To produce the series “Arboretum” Angelucci scanned found nineteenth-century cabinet cards with painted forest backdrops and transformed them with her own photographs of trees indigenous to Ontario, allowing the trees to take over the figures. In doing so, the forest claims a position in the foreground of the picture, becoming the main subject, while the figure becomes the ground.

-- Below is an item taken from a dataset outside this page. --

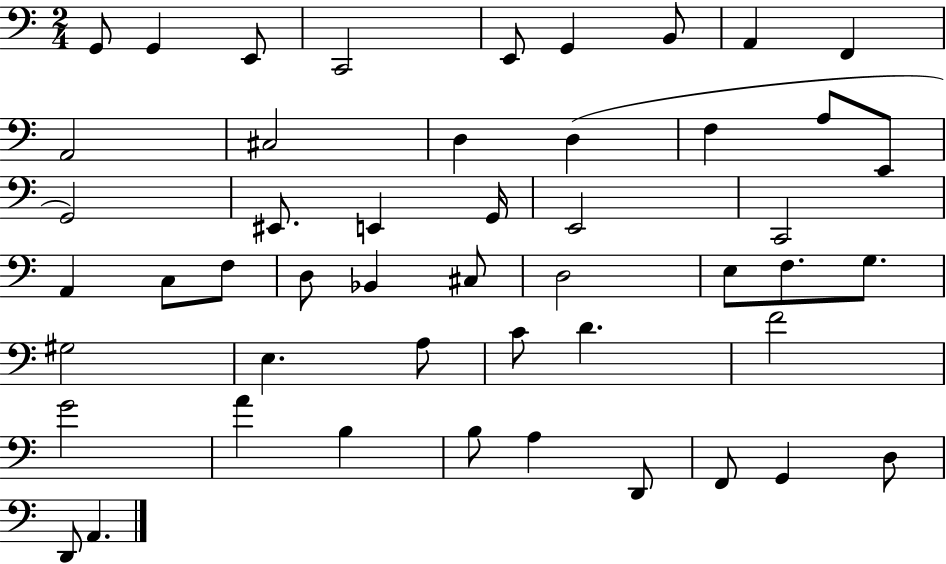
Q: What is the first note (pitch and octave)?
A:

As the artist explains: “Taking its cue from the pictorial tradition of nineteenth-century landscape painting, studio backdrops adopted an idealized vision of nature as a romantic setting for the figure, essentially taming the wilderness to provide an elegant pictorial frame – the picturesque. Embedded in this act of representation is the problematic notion that we are the main subject, and that nature is a mere decorative feature subservient to us. “Arboretum” gives visual presence to the notion of the sentient tree, extending the concept of the family album beyond the frame of photographic pictorial tradition. These pictures suggest a deeper consideration of not only the figure/ground relationship in photography, but also our position in relationship to nature.”